▸ What you are asked to do: Word for word, restate each of the entries below, and drop every picture.

▸ Supplied records:
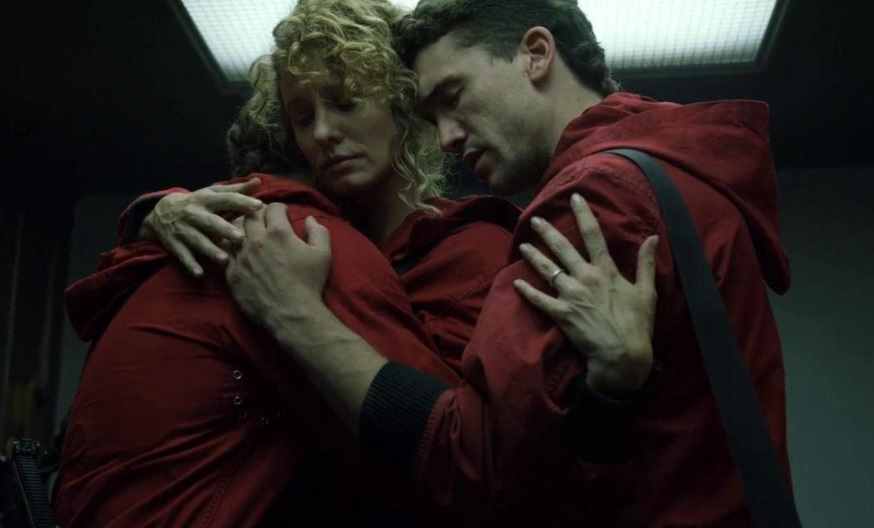 Antes de La Casa de Papel, a produção tinha outro título: Los Desahuciados. A exibição original ocorreu em maio de 2017 na rede espanhola Antena 3. A Netflix adquiriu os direitos globais e dividiu a minissérie de 22 episódios em duas partes. Com o sucesso, principalmente na América Latina, resolveu produzir novas temporadas.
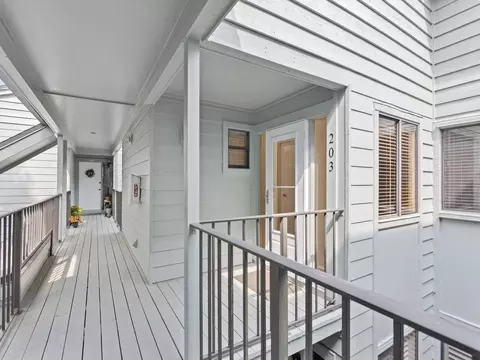 2180 Pine Crk #203, Vero Beach, FL 32966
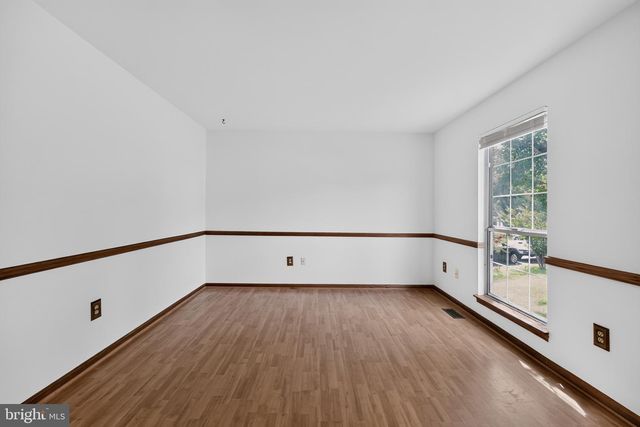 5624 REARDON LN, Woodbridge, VA 22193
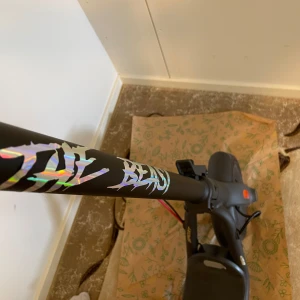 Navee v25 pro  - Navee v25 pro med lite mod, stickers och peak motor på 600w, köpt för 3499kr men nu kostar dom 4199kr 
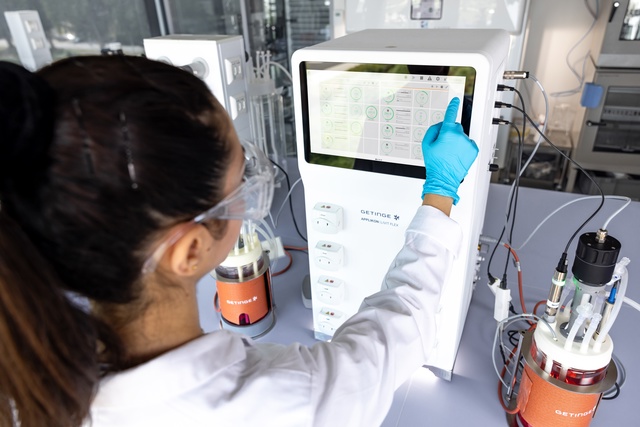 Scientist using single-use bioreactors for cell expansion and cell differentiation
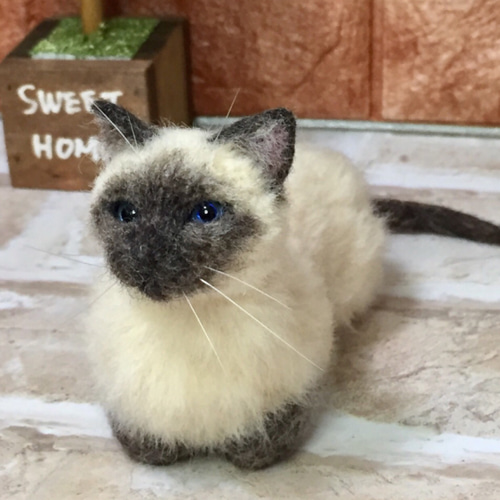 羊毛フェルト ミニチュア 香箱座りのシャム猫 羊毛フェルト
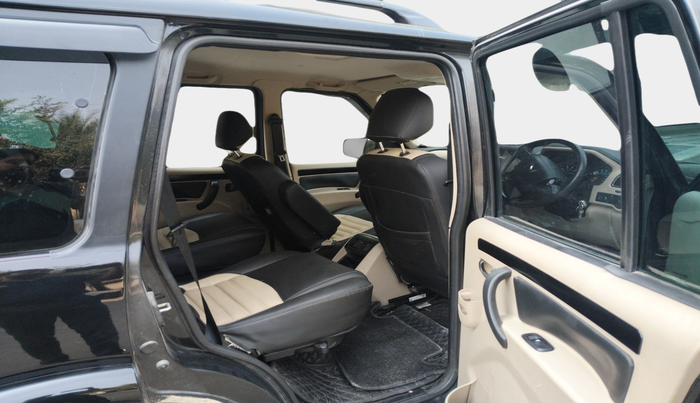 2023 Mahindra SCORPIO CLASSIC S11 7STR, Diesel, Manual, 42,721 km, interior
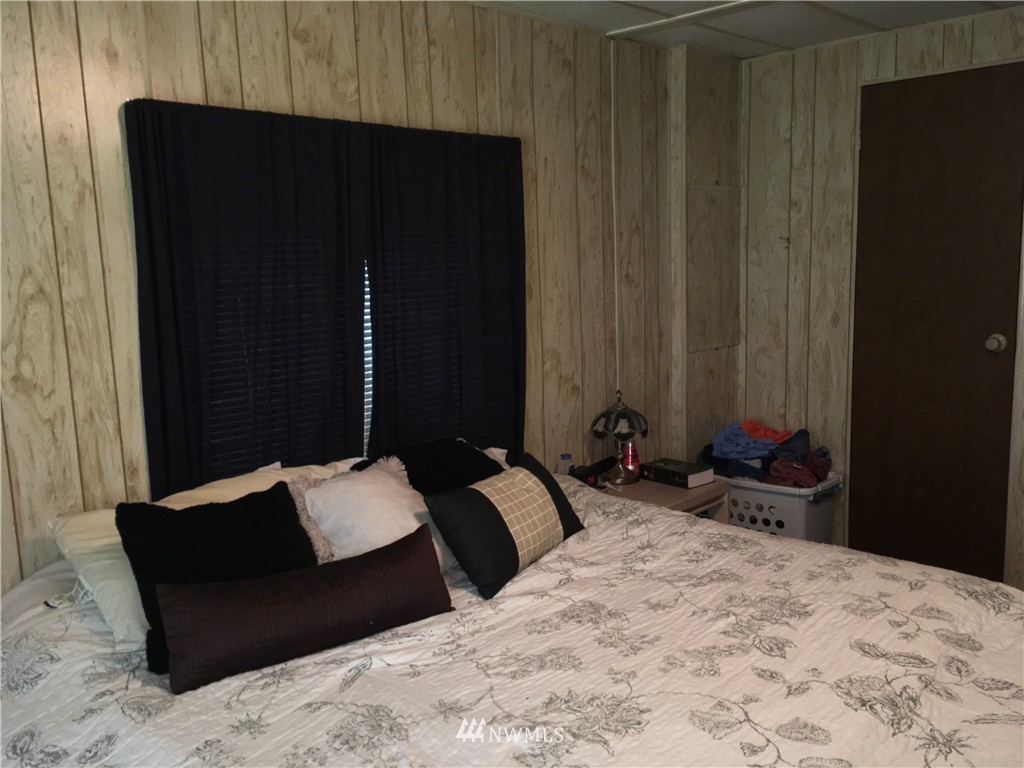 16725 Sargent Road Southwest Rochester, WA 98579 - Photo 14 of 18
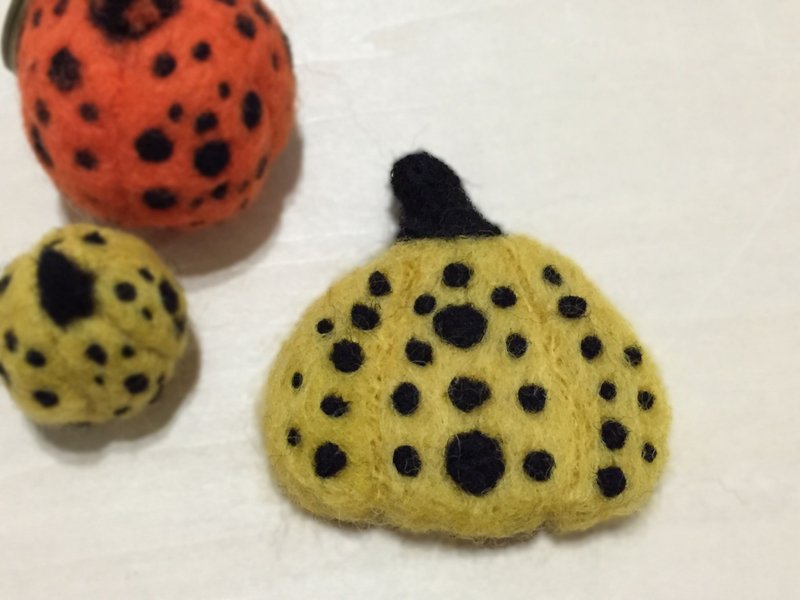 Yayoi Grandma Great Pumpkin (wool felt brooch) - เข็มกลัด - ขนแกะ หลากหลายสี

▸ Worked solution:
 Antes de La Casa de Papel, a produção tinha outro título: Los Desahuciados. A exibição original ocorreu em maio de 2017 na rede espanhola Antena 3. A Netflix adquiriu os direitos globais e dividiu a minissérie de 22 episódios em duas partes. Com o sucesso, principalmente na América Latina, resolveu produzir novas temporadas.
 2180 Pine Crk #203, Vero Beach, FL 32966
 5624 REARDON LN, Woodbridge, VA 22193
 Navee v25 pro  - Navee v25 pro med lite mod, stickers och peak motor på 600w, köpt för 3499kr men nu kostar dom 4199kr 
 Scientist using single-use bioreactors for cell expansion and cell differentiation
 羊毛フェルト ミニチュア 香箱座りのシャム猫 羊毛フェルト
 2023 Mahindra SCORPIO CLASSIC S11 7STR, Diesel, Manual, 42,721 km, interior
 16725 Sargent Road Southwest Rochester, WA 98579 - Photo 14 of 18
 Yayoi Grandma Great Pumpkin (wool felt brooch) - เข็มกลัด - ขนแกะ หลากหลายสี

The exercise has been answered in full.